SWR and Reflected Power Calculator
Calculate Standing Wave Ratio (SWR) from impedance mismatch, and find the percentage of power reflected back.
Essential for antenna tuning.
Standing Wave Ratio (SWR) measures how well matched an antenna system is to the transmission line.
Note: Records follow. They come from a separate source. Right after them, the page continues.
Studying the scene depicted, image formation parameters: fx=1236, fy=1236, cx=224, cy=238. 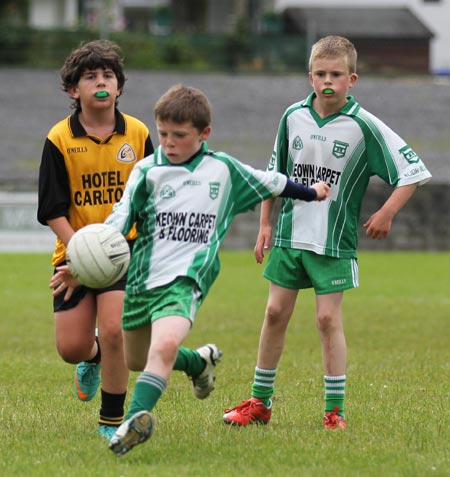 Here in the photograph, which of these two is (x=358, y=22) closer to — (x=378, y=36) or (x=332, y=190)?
(x=378, y=36)

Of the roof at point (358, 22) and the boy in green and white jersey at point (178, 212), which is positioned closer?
the boy in green and white jersey at point (178, 212)

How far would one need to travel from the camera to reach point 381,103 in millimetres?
45531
A perfect match gives SWR = 1:1. Mismatches create standing waves on the feedline, wasting power.
SWR from impedance: Reflection coefficient: Γ = (Z_load - Z_line) / (Z_load + Z_line) SWR = (1 + |Γ|) / (1 - |Γ|)
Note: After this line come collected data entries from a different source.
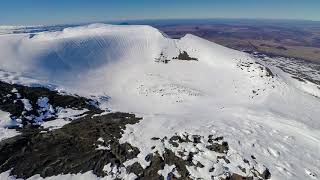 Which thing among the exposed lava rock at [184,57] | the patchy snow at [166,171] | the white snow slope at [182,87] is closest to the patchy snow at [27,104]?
the white snow slope at [182,87]

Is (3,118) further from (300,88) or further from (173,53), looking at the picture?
(300,88)

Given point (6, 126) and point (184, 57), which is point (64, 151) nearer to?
point (6, 126)

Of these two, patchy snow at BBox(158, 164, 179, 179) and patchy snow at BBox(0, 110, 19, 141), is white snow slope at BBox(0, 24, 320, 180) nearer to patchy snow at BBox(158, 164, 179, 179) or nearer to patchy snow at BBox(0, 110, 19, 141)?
patchy snow at BBox(158, 164, 179, 179)

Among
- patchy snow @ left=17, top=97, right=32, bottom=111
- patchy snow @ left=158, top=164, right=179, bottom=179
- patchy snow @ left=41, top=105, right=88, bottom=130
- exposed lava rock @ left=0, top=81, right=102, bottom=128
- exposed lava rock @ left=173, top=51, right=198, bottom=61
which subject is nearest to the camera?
patchy snow @ left=158, top=164, right=179, bottom=179

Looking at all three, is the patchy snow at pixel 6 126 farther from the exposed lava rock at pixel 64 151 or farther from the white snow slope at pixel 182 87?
the white snow slope at pixel 182 87

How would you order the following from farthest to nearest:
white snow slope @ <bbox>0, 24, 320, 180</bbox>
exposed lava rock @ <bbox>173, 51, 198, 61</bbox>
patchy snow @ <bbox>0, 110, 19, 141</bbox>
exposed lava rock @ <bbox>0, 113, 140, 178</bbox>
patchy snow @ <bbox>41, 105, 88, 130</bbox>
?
exposed lava rock @ <bbox>173, 51, 198, 61</bbox>, patchy snow @ <bbox>41, 105, 88, 130</bbox>, patchy snow @ <bbox>0, 110, 19, 141</bbox>, white snow slope @ <bbox>0, 24, 320, 180</bbox>, exposed lava rock @ <bbox>0, 113, 140, 178</bbox>

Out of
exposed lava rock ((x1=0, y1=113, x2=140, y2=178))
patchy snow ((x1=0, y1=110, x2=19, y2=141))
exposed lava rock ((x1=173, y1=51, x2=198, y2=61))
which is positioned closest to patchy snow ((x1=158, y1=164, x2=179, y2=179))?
exposed lava rock ((x1=0, y1=113, x2=140, y2=178))

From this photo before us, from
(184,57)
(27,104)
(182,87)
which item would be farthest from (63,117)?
(184,57)

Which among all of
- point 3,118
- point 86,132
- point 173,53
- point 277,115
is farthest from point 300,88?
point 3,118

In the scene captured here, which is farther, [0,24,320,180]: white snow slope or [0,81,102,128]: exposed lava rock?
[0,81,102,128]: exposed lava rock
Reflected power percentage: P_reflected = |Γ|² × 100%
SWR guidelines for amateur radio:
- SWR 1:1 — Perfect (theoretical)
- SWR up to 1.5:1 — Excellent, essentially no practical loss
- SWR 1.5–2.0:1 — Good, most modern transceivers handle this without protection
- SWR 2.0–3.0:1 — Acceptable, some power loss in feedline
- SWR 3.0–5.0:1 — Poor, significant feedline loss, transmitter may reduce power
- SWR above 5:1 — Bad, antenna needs retuning
Power loss in dB: Return loss (dB) = -20 log₁₀(|Γ|)
Practical notes: Most modern HF transceivers have built-in ATUs (antenna tuning units) that can match loads up to SWR 3:1. Feedline type matters — low-loss ladder line tolerates high SWR much better than coax. High SWR in coax significantly increases feedline heating and signal loss.